When you copy from the entries that follow, take only the lines from the one with "Placebo - Soulmates" down to the one with "Intex Metal Frame-Pool", keeping both ends and dropping every picture.

*** DATASET CONTENT ***

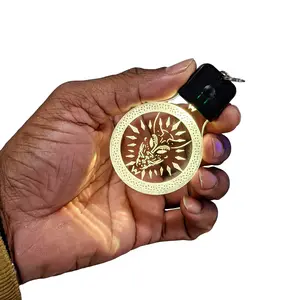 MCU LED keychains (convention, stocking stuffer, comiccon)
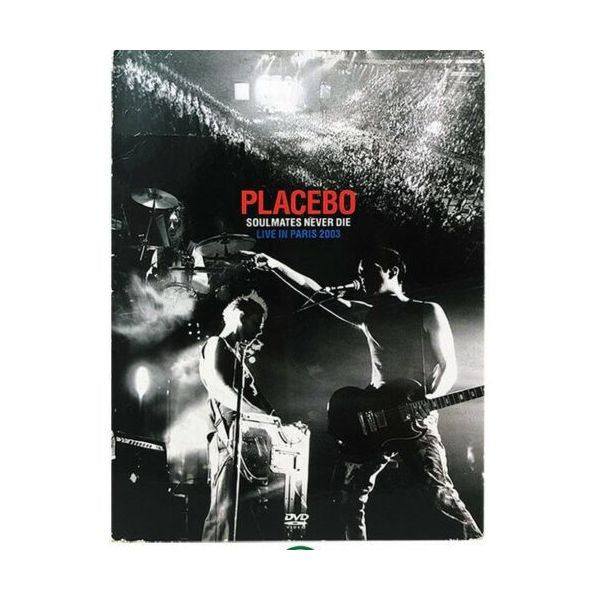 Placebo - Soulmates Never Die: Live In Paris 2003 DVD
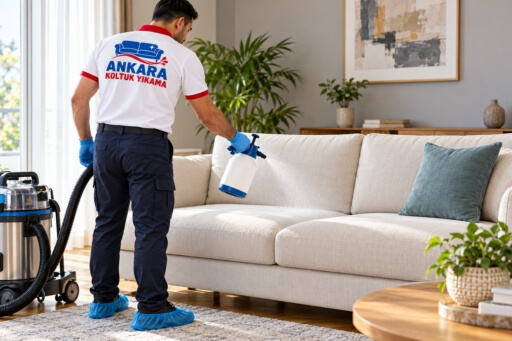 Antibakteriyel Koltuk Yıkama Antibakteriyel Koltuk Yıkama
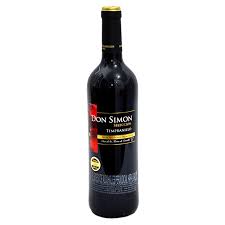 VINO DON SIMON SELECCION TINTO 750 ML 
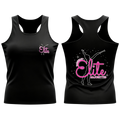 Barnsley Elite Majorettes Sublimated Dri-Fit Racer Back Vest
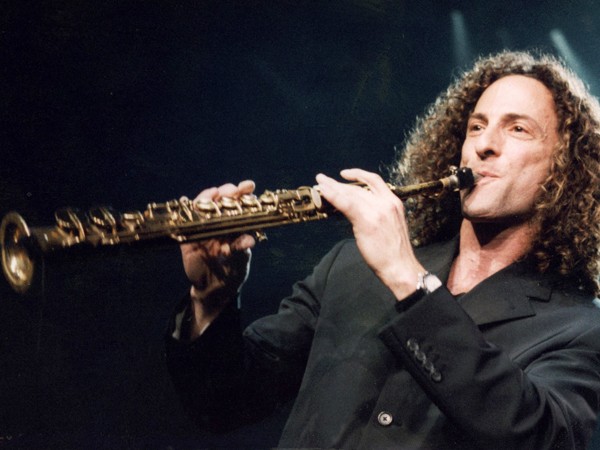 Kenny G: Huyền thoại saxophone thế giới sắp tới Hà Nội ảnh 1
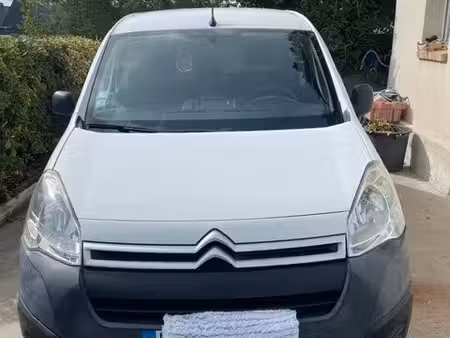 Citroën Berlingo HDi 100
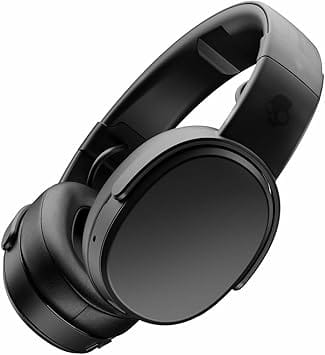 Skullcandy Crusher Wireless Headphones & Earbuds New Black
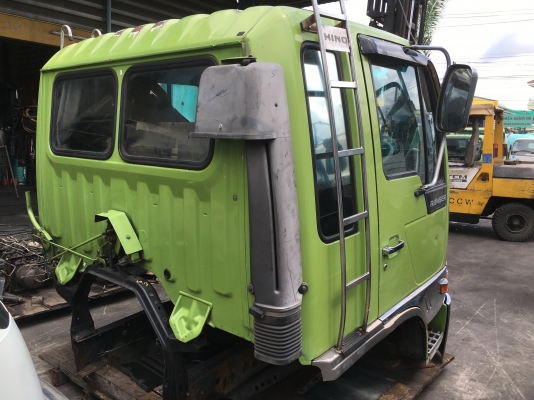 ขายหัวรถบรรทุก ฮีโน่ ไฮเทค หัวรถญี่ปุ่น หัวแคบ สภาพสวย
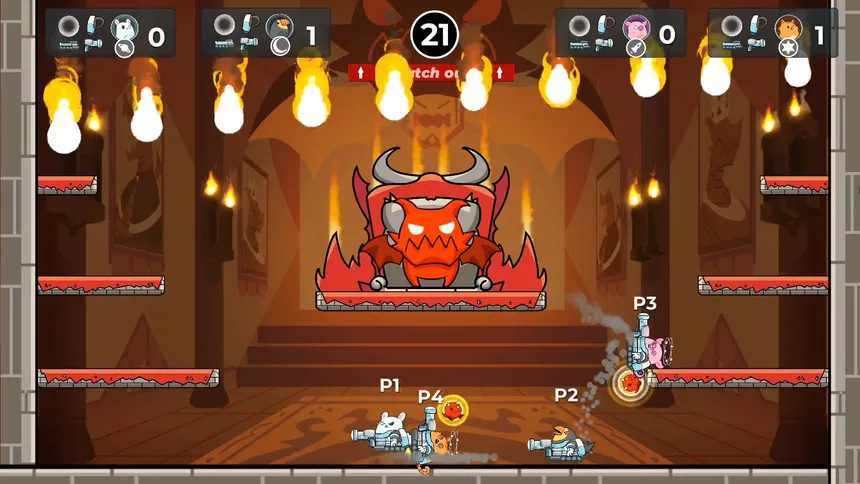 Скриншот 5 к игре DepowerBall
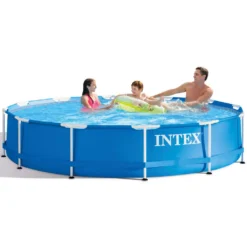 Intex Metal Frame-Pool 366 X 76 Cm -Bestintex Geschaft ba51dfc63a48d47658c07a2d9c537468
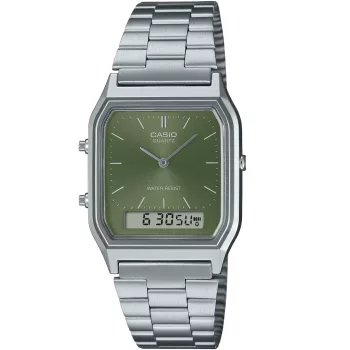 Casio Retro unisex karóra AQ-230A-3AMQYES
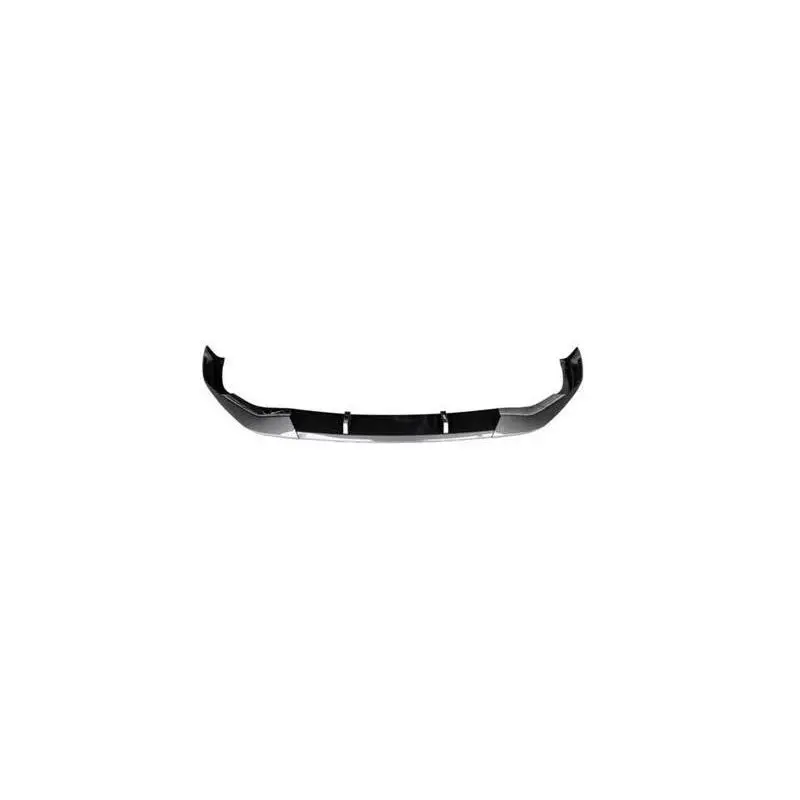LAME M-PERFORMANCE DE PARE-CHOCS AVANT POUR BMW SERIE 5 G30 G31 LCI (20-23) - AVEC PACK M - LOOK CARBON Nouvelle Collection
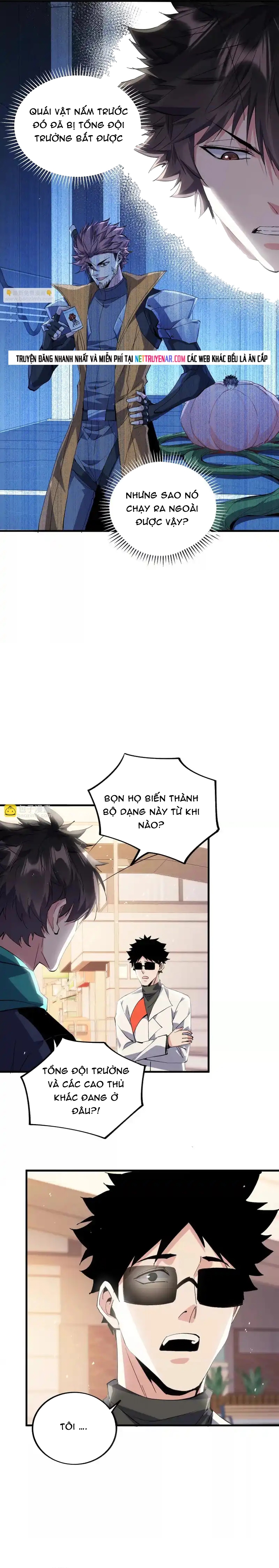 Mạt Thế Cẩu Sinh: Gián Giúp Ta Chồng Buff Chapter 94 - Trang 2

*** End of DATASET CONTENT ***

- EXERCISE RESULT -
 Placebo - Soulmates Never Die: Live In Paris 2003 DVD
 Antibakteriyel Koltuk Yıkama Antibakteriyel Koltuk Yıkama
 VINO DON SIMON SELECCION TINTO 750 ML 
 Barnsley Elite Majorettes Sublimated Dri-Fit Racer Back Vest
 Kenny G: Huyền thoại saxophone thế giới sắp tới Hà Nội ảnh 1
 Citroën Berlingo HDi 100
 Skullcandy Crusher Wireless Headphones & Earbuds New Black
 ขายหัวรถบรรทุก ฮีโน่ ไฮเทค หัวรถญี่ปุ่น หัวแคบ สภาพสวย
 Скриншот 5 к игре DepowerBall
 Intex Metal Frame-Pool 366 X 76 Cm -Bestintex Geschaft ba51dfc63a48d47658c07a2d9c537468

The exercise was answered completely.